* Instructions to follow: The full set of records must be returned exactly, character for character.
+ + + + +
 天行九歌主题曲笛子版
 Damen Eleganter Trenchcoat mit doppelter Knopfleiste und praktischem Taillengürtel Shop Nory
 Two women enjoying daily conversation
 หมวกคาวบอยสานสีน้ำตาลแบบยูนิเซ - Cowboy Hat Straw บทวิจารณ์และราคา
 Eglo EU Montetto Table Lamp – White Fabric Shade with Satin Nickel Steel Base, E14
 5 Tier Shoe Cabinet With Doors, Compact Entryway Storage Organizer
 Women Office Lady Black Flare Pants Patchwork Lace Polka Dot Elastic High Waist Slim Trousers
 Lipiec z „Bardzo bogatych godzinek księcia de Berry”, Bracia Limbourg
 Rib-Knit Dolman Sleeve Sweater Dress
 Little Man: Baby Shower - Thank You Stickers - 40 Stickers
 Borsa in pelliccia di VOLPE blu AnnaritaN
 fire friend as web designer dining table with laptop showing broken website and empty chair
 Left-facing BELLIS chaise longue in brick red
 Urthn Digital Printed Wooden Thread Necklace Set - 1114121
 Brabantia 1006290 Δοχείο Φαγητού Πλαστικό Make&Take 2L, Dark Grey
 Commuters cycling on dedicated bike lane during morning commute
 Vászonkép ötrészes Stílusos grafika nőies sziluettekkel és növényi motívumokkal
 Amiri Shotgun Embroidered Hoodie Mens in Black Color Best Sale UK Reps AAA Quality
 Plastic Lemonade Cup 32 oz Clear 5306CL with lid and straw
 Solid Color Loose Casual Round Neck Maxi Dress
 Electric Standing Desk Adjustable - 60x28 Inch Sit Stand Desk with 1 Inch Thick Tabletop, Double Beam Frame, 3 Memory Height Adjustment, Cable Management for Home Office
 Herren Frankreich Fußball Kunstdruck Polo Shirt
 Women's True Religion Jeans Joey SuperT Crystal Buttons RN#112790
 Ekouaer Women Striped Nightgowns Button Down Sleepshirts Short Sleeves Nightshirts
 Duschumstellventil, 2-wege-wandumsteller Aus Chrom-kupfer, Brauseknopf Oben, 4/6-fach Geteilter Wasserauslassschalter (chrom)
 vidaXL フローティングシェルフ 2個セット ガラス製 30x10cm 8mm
+ + + + +
* Task solution:
 天行九歌主题曲笛子版
 Damen Eleganter Trenchcoat mit doppelter Knopfleiste und praktischem Taillengürtel Shop Nory
 Two women enjoying daily conversation
 หมวกคาวบอยสานสีน้ำตาลแบบยูนิเซ - Cowboy Hat Straw บทวิจารณ์และราคา
 Eglo EU Montetto Table Lamp – White Fabric Shade with Satin Nickel Steel Base, E14
 5 Tier Shoe Cabinet With Doors, Compact Entryway Storage Organizer
 Women Office Lady Black Flare Pants Patchwork Lace Polka Dot Elastic High Waist Slim Trousers
 Lipiec z „Bardzo bogatych godzinek księcia de Berry”, Bracia Limbourg
 Rib-Knit Dolman Sleeve Sweater Dress
 Little Man: Baby Shower - Thank You Stickers - 40 Stickers
 Borsa in pelliccia di VOLPE blu AnnaritaN
 fire friend as web designer dining table with laptop showing broken website and empty chair
 Left-facing BELLIS chaise longue in brick red
 Urthn Digital Printed Wooden Thread Necklace Set - 1114121
 Brabantia 1006290 Δοχείο Φαγητού Πλαστικό Make&Take 2L, Dark Grey
 Commuters cycling on dedicated bike lane during morning commute
 Vászonkép ötrészes Stílusos grafika nőies sziluettekkel és növényi motívumokkal
 Amiri Shotgun Embroidered Hoodie Mens in Black Color Best Sale UK Reps AAA Quality
 Plastic Lemonade Cup 32 oz Clear 5306CL with lid and straw
 Solid Color Loose Casual Round Neck Maxi Dress
 Electric Standing Desk Adjustable - 60x28 Inch Sit Stand Desk with 1 Inch Thick Tabletop, Double Beam Frame, 3 Memory Height Adjustment, Cable Management for Home Office
 Herren Frankreich Fußball Kunstdruck Polo Shirt
 Women's True Religion Jeans Joey SuperT Crystal Buttons RN#112790
 Ekouaer Women Striped Nightgowns Button Down Sleepshirts Short Sleeves Nightshirts
 Duschumstellventil, 2-wege-wandumsteller Aus Chrom-kupfer, Brauseknopf Oben, 4/6-fach Geteilter Wasserauslassschalter (chrom)
 vidaXL フローティングシェルフ 2個セット ガラス製 30x10cm 8mm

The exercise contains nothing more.